COVID Symptoms Can Be Uncovered By New Machine-Learning Tool

COVID Symptoms Can Be Uncovered By New Machine-Learning Tool

Unlike the old days, man has changed a lot in terms of technology and lifestyle. He relies on various machines for his day-to-day livelihood and this even includes transportation and communication. These machines help a lot in solving most of the issues facing these days and putting more effort into building other inventions to make his daily life burden free. 

With the arrival of artificial intelligence software, people nowadays won’t even have to think twice before doing anything as they could just ask the screen in front of them regarding anything they need to know even if it is about anyone anywhere in the world. And won’t this be of any help if we use this intelligence in health care?

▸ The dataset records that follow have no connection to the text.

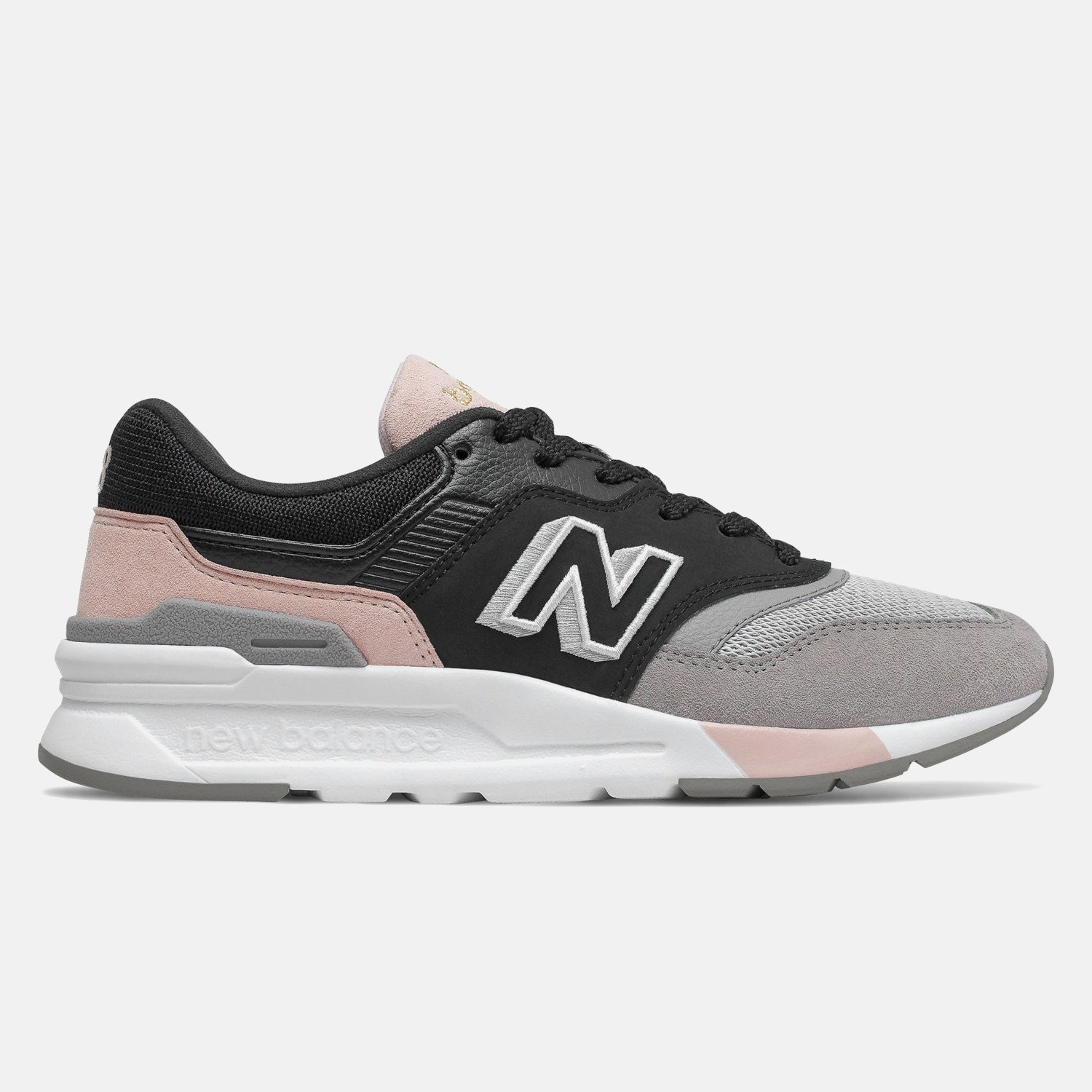 New-Balance-997H-Womens-Shoes-9000046948_1469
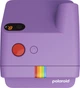 Камера моментального друку Polaroid Go Gen 2 Purple (009183) - зображення 7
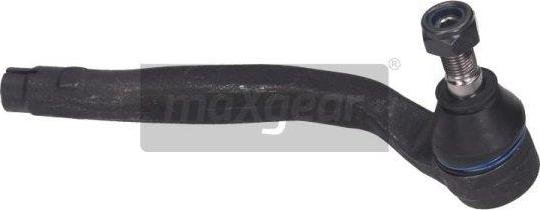 Maxgear 69-0088 - Cap de bara aaoparts.ro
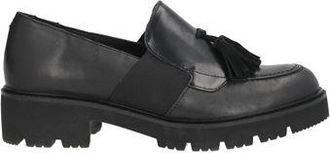 Cinzia Soft CALZATURE - Mocassini su YOOX.COM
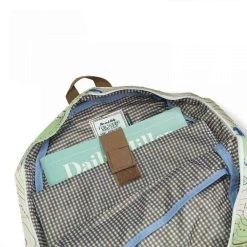 Miller Coordinates Backpack -Fashion Bag miller coordinates backpack 3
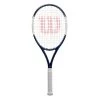 Wilson Roland Garros Equipe HP (Pre-Strung)
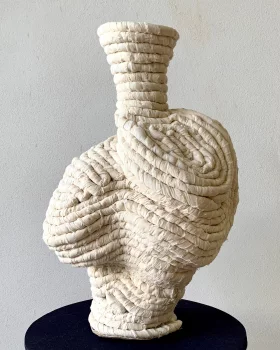 Сосуд Cántaro 59X43X24 CM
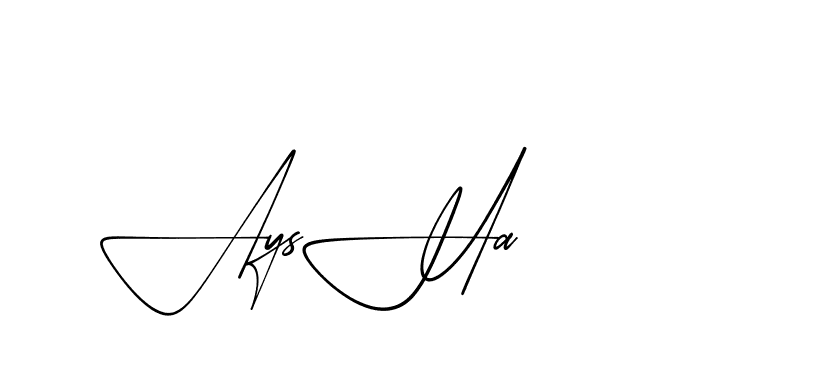 The best way (AishaScript-DO4Xd) to make a short signature is to pick only two or three words in your name. The name Ceard include a total of six letters. For converting this name. Ceard signature style 2 images and pictures png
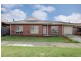 2/10 Ernest Street, Broadmeadows VIC 3047
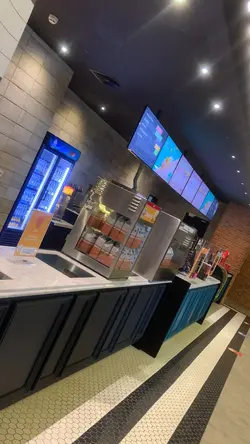 Mini vlog seru nih 🎥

Lately, there has been news spreading that artificial intelligence software has been utilized in order to extract insights from health records. Similarly, they were also utilized to shed light on chronic and ever-lasting symptoms of the plague that has been sticking to the planet for the past two years. 

Machine Learning Tool And Long COVID Symptoms

Numerous people who suffered from this deadly viral infection are still suffering from a condition called long COVID. It’s a health condition in which individuals who were once diagnosed with the virus will experience some kind of chronic symptom from their initial days. This condition has made the situation more like a pandemic within a pandemic. And in order to prevent such a deadly situation, scientists are now using machine learning to find out the real reason why some group suffers or develops such debilitating long-lasting symptoms. 

Lately, a group of researchers from the United States has invented some machine learning tools which will analyze electronic health records or EHRs. This will work together to identify common symptoms and define subtypes of long COVID. Earlier, another research team published a study in biomedicine that states that there are strong correlations between long covid subtypes and pre-existing conditions such as variations in blood glucose levels and stress and anxiety issues. 

Justin Reese, a Computer Research Scientist at Berkeley Lab’s Biosciences Area, explained that with this research, they could understand the current condition of long COVID. And thus help implement proper treatment by supporting clinicians to develop the proper therapies that suit every variety accordingly. Some of the symptoms of this health disorder include nausea, abdominal pain, persistent cough, and other lung symptoms, and treatment for all these differ from one another. As a result, with such an invention, it’ll be helpful for physicians to provide treatment by identifying the proper disease. 

To check whether the software works properly, the researchers tested the software using the EHR information collected from 6,469 long COVID patients who were diagnosed with COVID-19 infections.

As per the analysis, Reese remarked that they confirmed the features of long-covid in every patient included in the EHR data. And with this, they compared the similarities using semantic similarity that allows matching between two health conditions. For example, cough is different from shortness of breath. But both these conditions come under the category of lung disorders. Likewise, they compared all these symptoms and paired up the patients in order to check the similarities between these two long COVID patients. And doing so they score these patients and execute unsupervised machine learning in order to discover the subtypes of long COVID.    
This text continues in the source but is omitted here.